Ski season is almost upon us, and before long, you’ll be spending your holidays with your family in your favorite resort. However, are your legs ready for a grueling, 8-hour ski day? Do you think you can hold out until the end of the day without sore muscles?
Skiing is a physically demanding activity. To make the most of the ski season, you have to condition your body, increasing not only strength but also endurance. A strong, agile body will help you get the most out of your stay at the resort.
Here are a few ways to prepare yourself for ski season.
Train for Skiing
The main reason you have to train is so that you can make the most of a ski day. Because your body is well-conditioned, you can last for hours in the snow.

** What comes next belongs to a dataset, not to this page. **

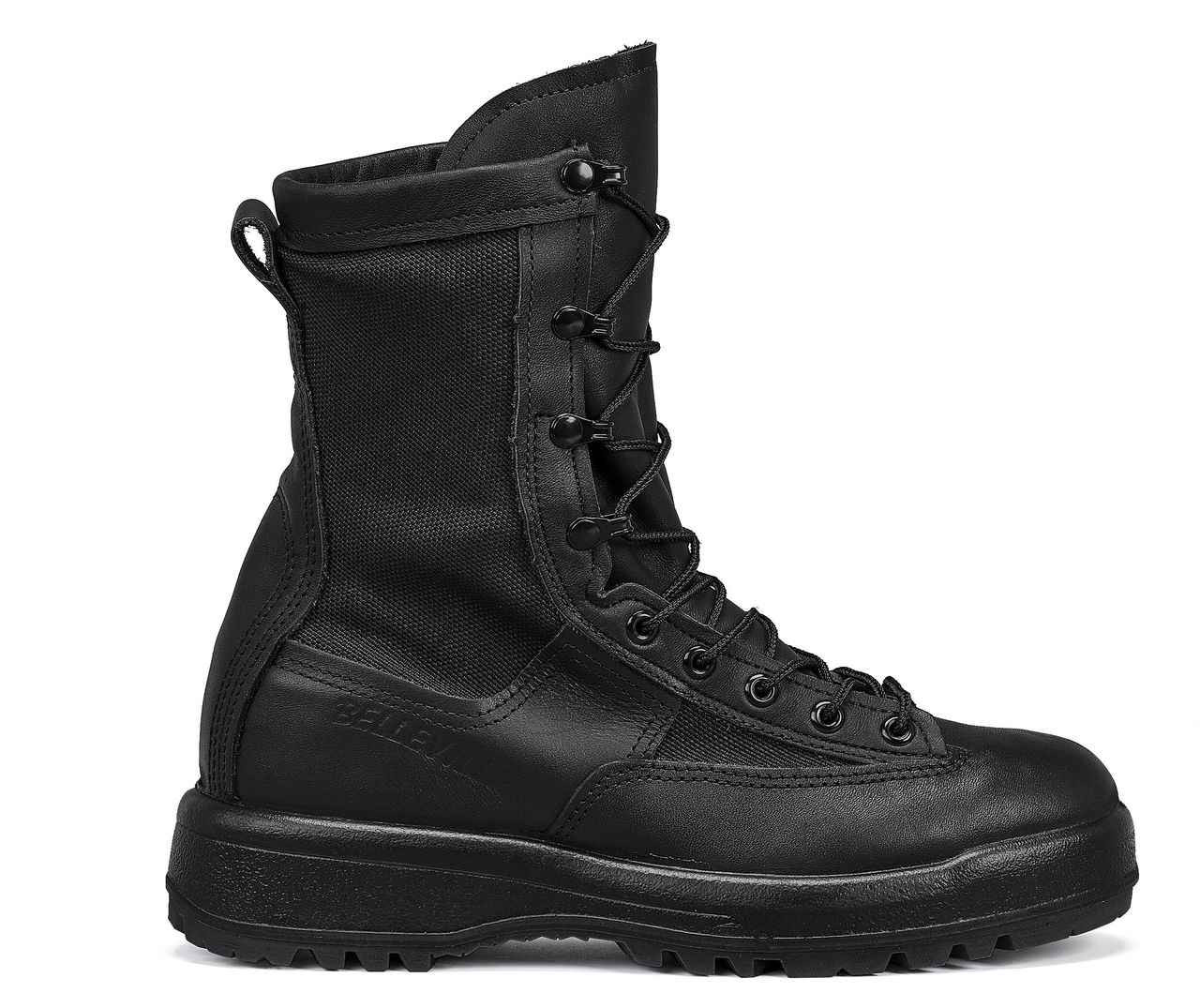 belleville-boots-700-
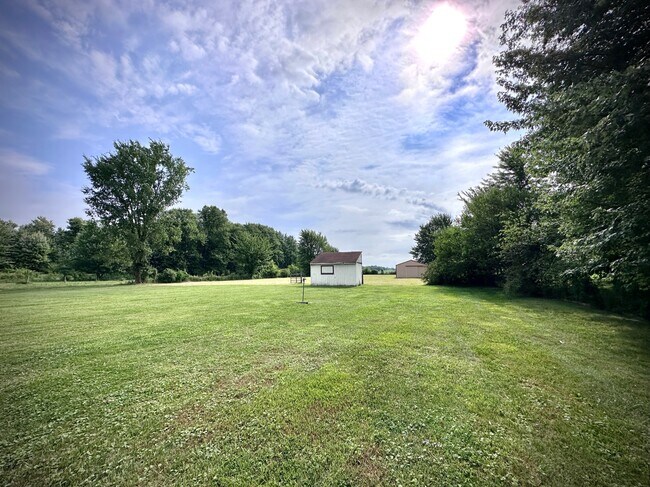 Building Photo - 3911 Green Cook Rd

Moreover, training helps reduce the risk of injuries. People usually sustain injuries because their muscles, tendons, and ligaments are stretched beyond their normal range of movement or work more than they’re used to. Training helps increase their flexibility and gets them used to hard work on the snow.
These are the common injuries you may prevent if you train your body properly:
- Medial collateral ligament (MCL) rupture or sprain
- Anterior cruciate ligament (ACL) rupture or sprain
- Shoulder sprains
Pay special attention to your knees. Figures show that knee injuries account for around one in four skiing injuries.
When choosing or structuring your training program, focus on three areas:
- Endurance training increases your body’s ability to sustain physical activity for an extended period. Endurance exercises increase your breathing and heart rate, like brisk walking, jogging, running, and biking. To increase your endurance for ski season, squeeze in at least 90 minutes of endurance training every week.
- Strength and Power. Strength training increases your ability to overcome resistance, while training for power increases your capability to overcome resistance in the shortest amount of time. Both are critical to staying fit during the entire season, so squeeze in bodyweight exercises or exercises like lifting weights and working with resistance bands.
- Balance training involves exercises that strengthen the muscles that keep you upright. These help you stay stable on your skis and prevent falls. Find exercises with compound movements, which require the coordination of multiple muscle groups.
Nutrition is half the battle in conditioning your body. Your body can’t build muscle and repair itself after an intense workout session if you’re not consuming enough calories from the right kind of food.
You don’t have to follow a specific and strict diet when you’re training. But you have to eat enough whole foods (food items that have undergone minimal processing and do not contain additives). You may also make a few dietary substitutions for optimum nutrition:
- Choose low-fat cheese instead of full-fat variants
- Eat brown rice instead of white rice
- Substitute cream with low-fat milk
- Replace flavored oatmeal with unsweetened oatmeal
- Choose hummus instead of mayo
- Swap fries for a side salad
It’s also a good time to cut down on refined sugars and chips.
Ski equipment and Nordica snow boots are not the only things you should pack with you. Here are essential items that skiers often overlook:
- Most people believe that, because the sun is covered by clouds, they can go for hours outdoors without wearing sun protection. However, the opposite is true – you still need sunscreen even in the winter, no matter how cold or overcast it may be.
In fact, skiing requires sun protection for three reasons:
- You are at a high altitude. UVB rays lose their intensity as they go through the Earth’s atmosphere, which means that they’re much stronger at high altitudes than they are on sea level. Skiing and snowboard expose you to more intense UVB rays.
- You are surrounded by reflective surfaces. When UVB rays hit reflective surfaces, like snow and ice, it bounces back and hits other surfaces-like your skin. This means you have a higher risk of developing sunburn.
- Your skin is vulnerable to snow and wind. Cold temperature dries out and weakens the skin, so it needs more protection than usual.
- Many skiers experience snow blindness, or temporary eye pain because of exposure to too much UV light. Just like the skin, the eyes are also more vulnerable to UV rays during winter and at high altitudes. Don’t forget to pack your sunglasses.
To have truly fun at a skiing resort, you’ll have to go through hard work. However, the training will be worth it because you’ll make the most of the season and you’ll create memories about fun and exciting experiences – not painful and sore muscles.